In the records below, repeat exactly the lines between the line holding "Lambda Sensor VEMO V24-76-0021 2" and the line holding "Mega-Rich Conditioner|8.0 fl oz", inclusive, and drop the pictures.

──────── Data records

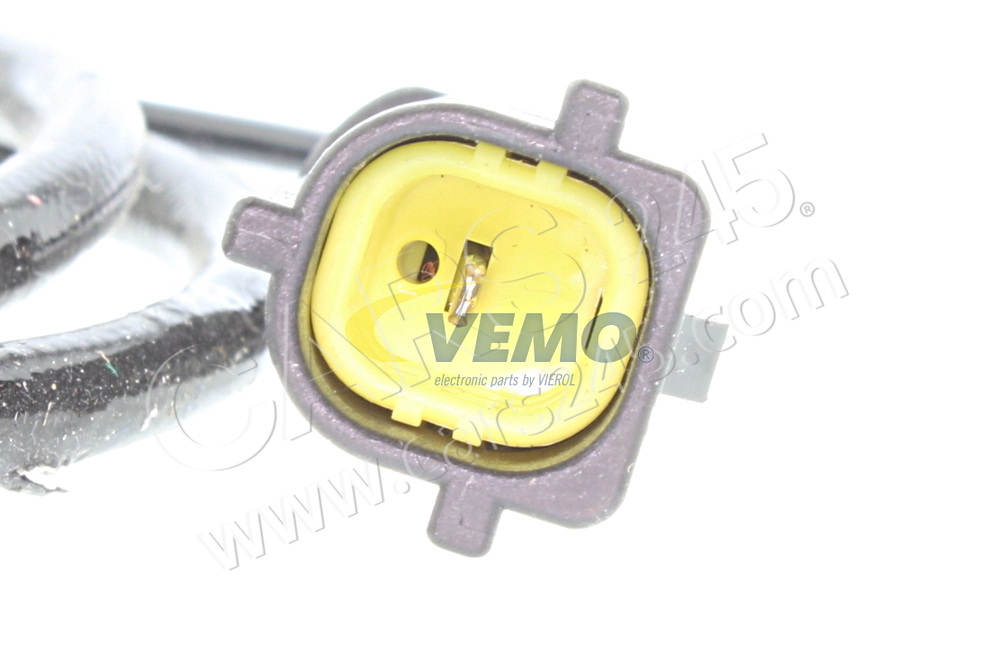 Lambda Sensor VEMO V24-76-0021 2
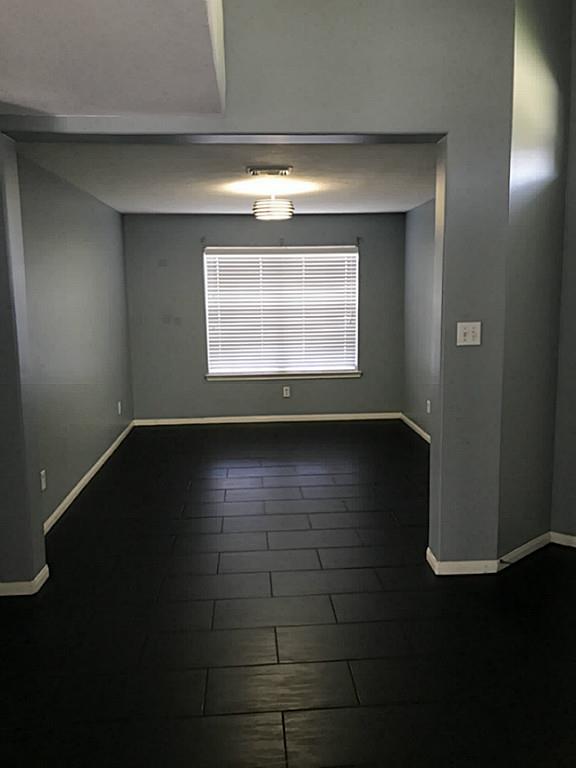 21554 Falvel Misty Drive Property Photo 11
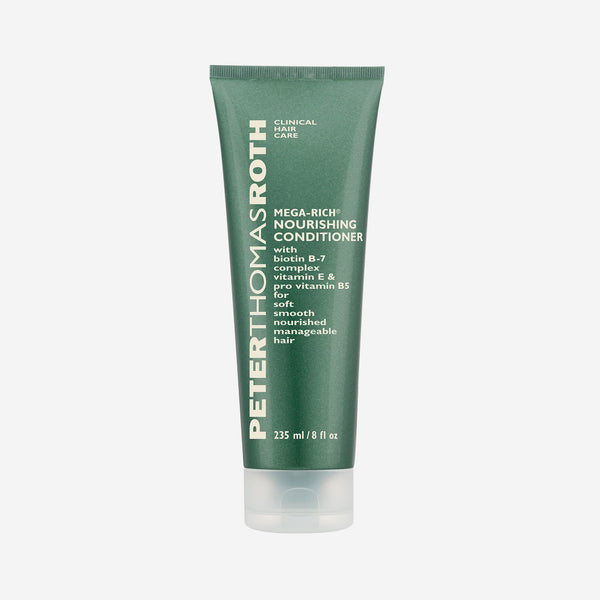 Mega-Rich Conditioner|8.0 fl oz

────────────────
──────── Data records

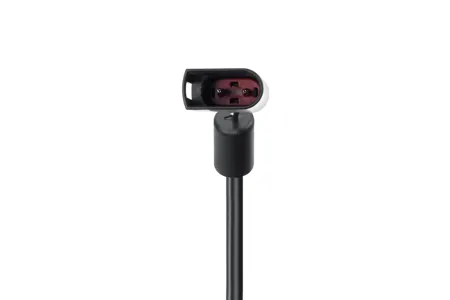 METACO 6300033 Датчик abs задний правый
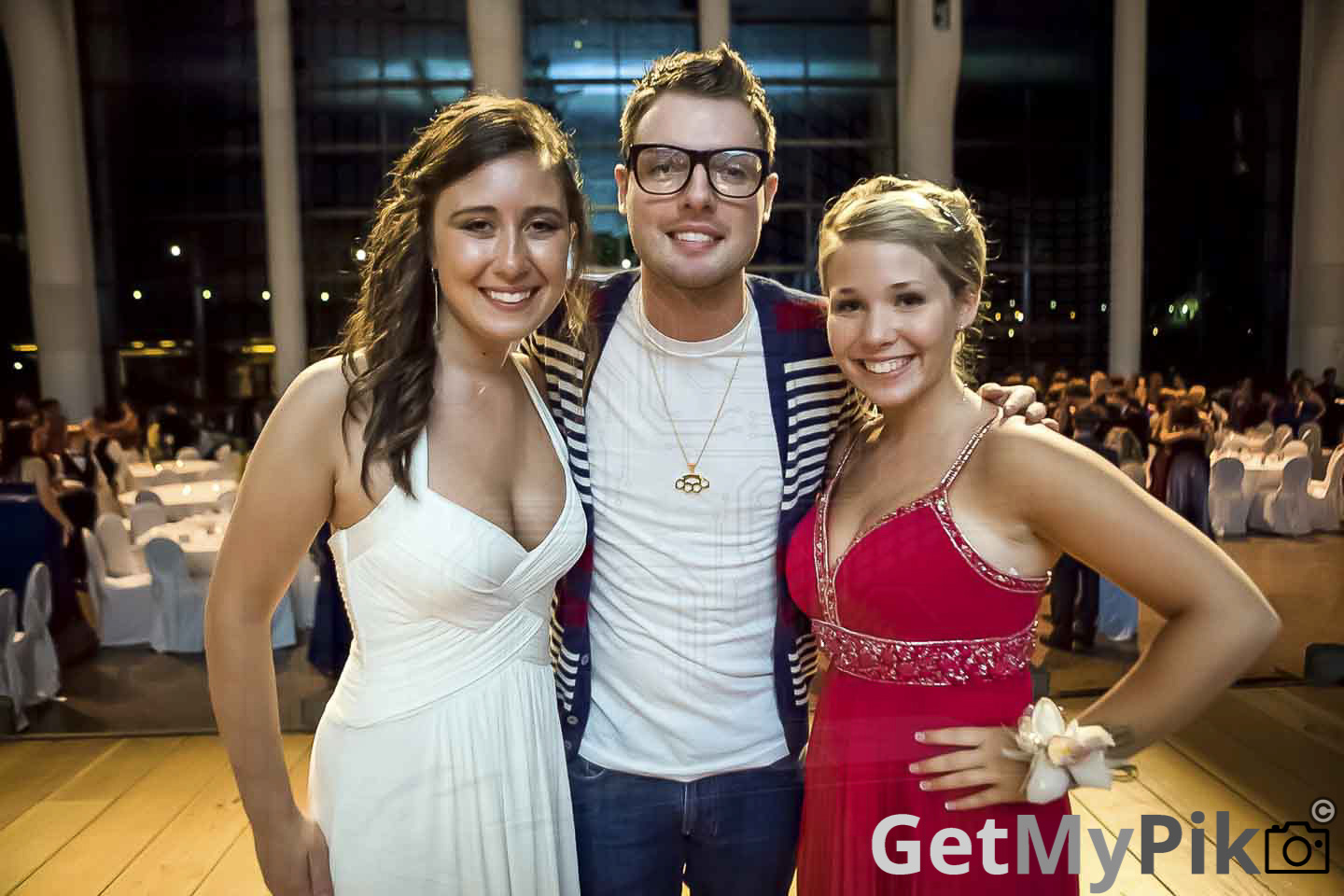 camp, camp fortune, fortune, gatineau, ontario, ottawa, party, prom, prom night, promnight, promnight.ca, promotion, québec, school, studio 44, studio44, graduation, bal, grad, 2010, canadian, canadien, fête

────────────────
──────── Data records

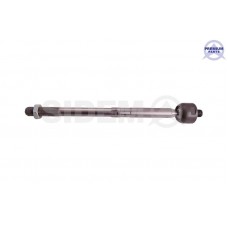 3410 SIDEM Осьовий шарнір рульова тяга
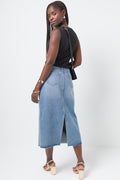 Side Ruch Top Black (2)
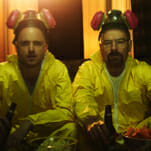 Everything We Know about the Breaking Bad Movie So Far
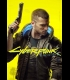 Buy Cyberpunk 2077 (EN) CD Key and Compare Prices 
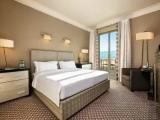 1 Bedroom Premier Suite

────────────────

### Response to this task
 Lambda Sensor VEMO V24-76-0021 2
 21554 Falvel Misty Drive Property Photo 11
 Mega-Rich Conditioner|8.0 fl oz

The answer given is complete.